Records from a data source
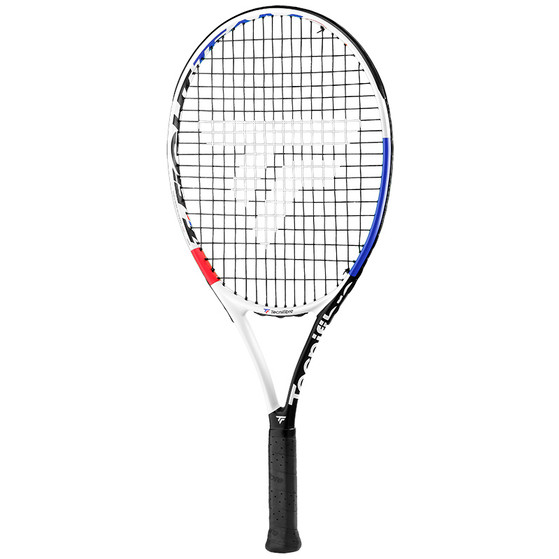 Tecnifibre T-Fight 24 Team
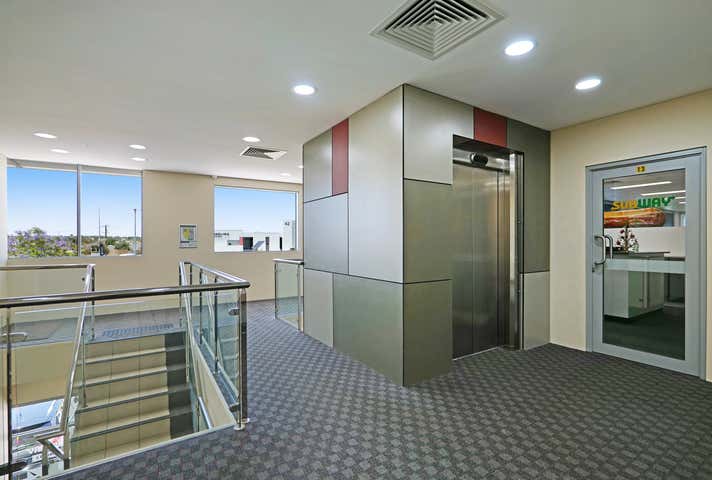 13/51 Cedric Street Stirling WA 6021 - Image 13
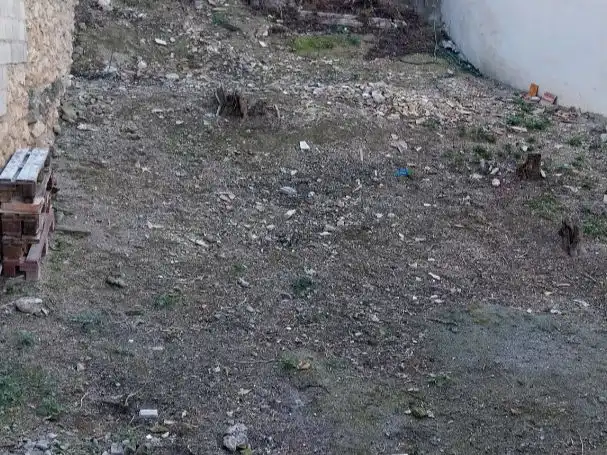 Terreni e lotti in vendita a San Isidro 19, imagen 2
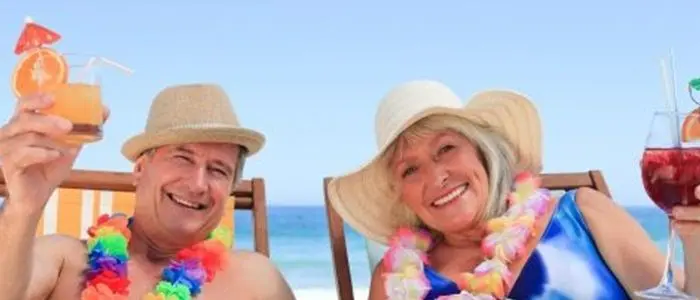 Calabria paradiso fiscale per pensionati. Presentato l’emendamento al Senato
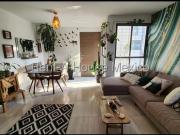 Vendo Departamento en Santa María La Ribera, Cuauhtémoc,...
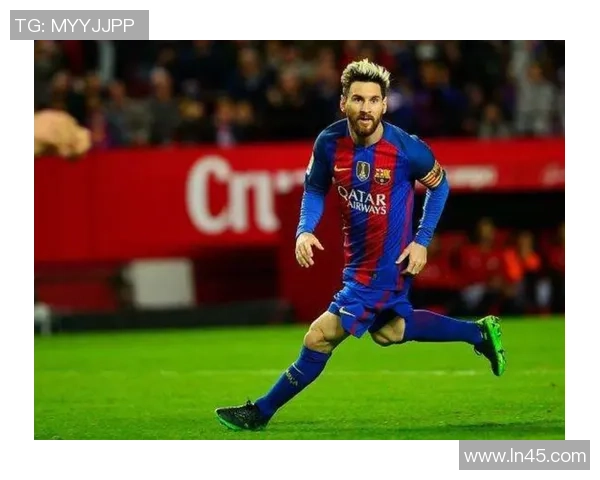 瑞士女足足球球星最新排名解析及其在国际足坛的影响力分析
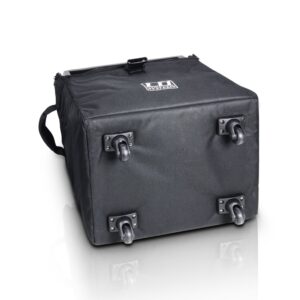 LD Systems DAVE 8 SUBBAG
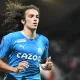 Lazio Guendouzi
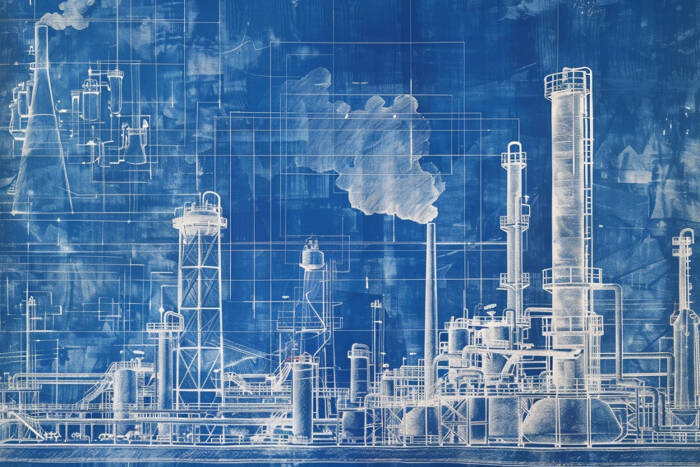 Natural Gas and Oil Forecast: Energy Traders Eye $65.65 for Brent Bull Revival - FXEmpire
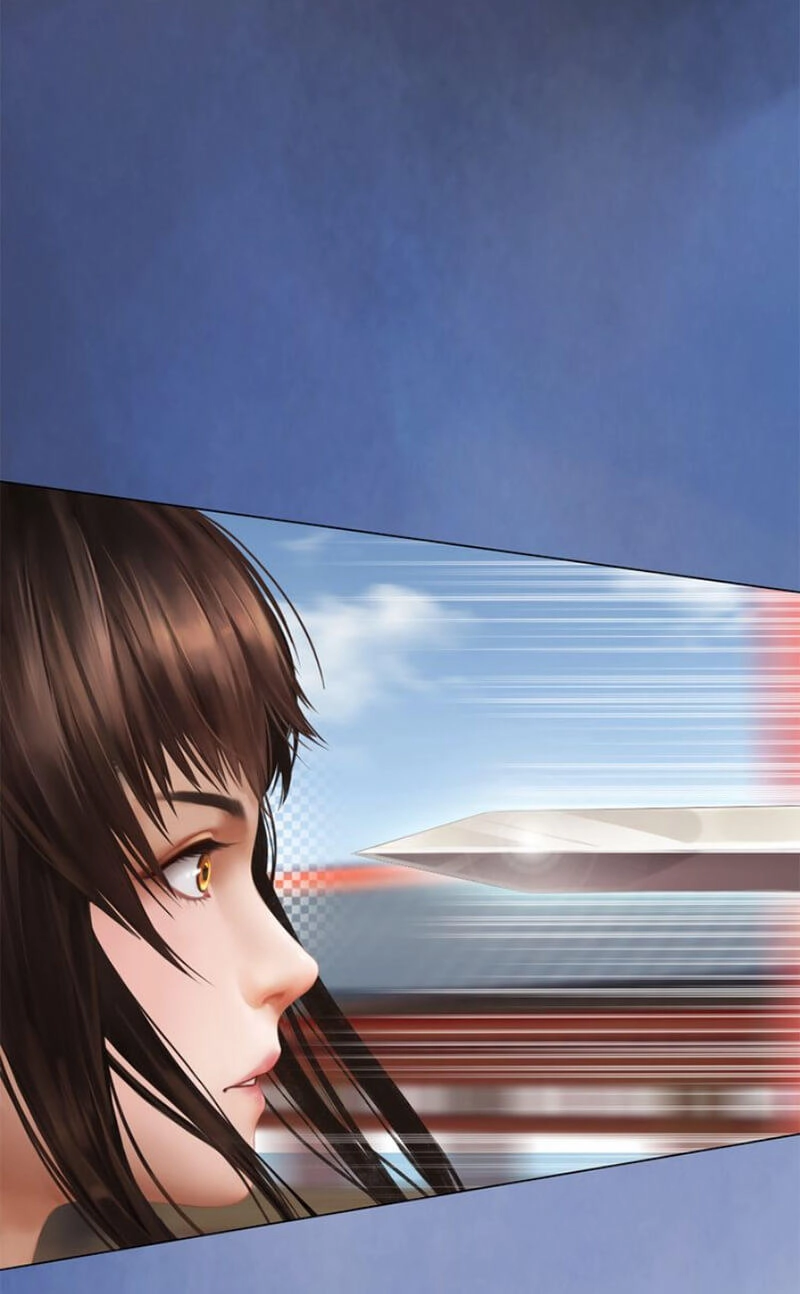 Yêu Nhan Lệnh Chapter 10 - 10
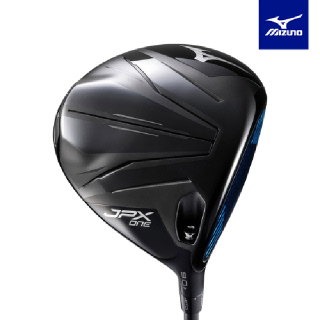 [한국미즈노정품] 2026 미즈노 JPX ONE 드라이버[남성용][VENTUS BLUE]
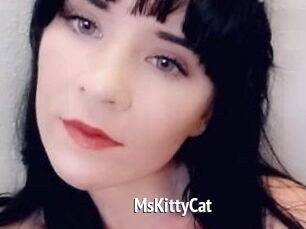 MsKittyCat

* PROMPT
Retype word for word the span of lines above that begins with the line containing "瑞士女足足球球星最新排名解析及其在国际足坛的影响力分析" and ends with the last line of the records; skip all pictures.

* EXPECTED ANSWER
 瑞士女足足球球星最新排名解析及其在国际足坛的影响力分析
 LD Systems DAVE 8 SUBBAG
 Lazio Guendouzi
 Natural Gas and Oil Forecast: Energy Traders Eye $65.65 for Brent Bull Revival - FXEmpire
 Yêu Nhan Lệnh Chapter 10 - 10
 [한국미즈노정품] 2026 미즈노 JPX ONE 드라이버[남성용][VENTUS BLUE]
 MsKittyCat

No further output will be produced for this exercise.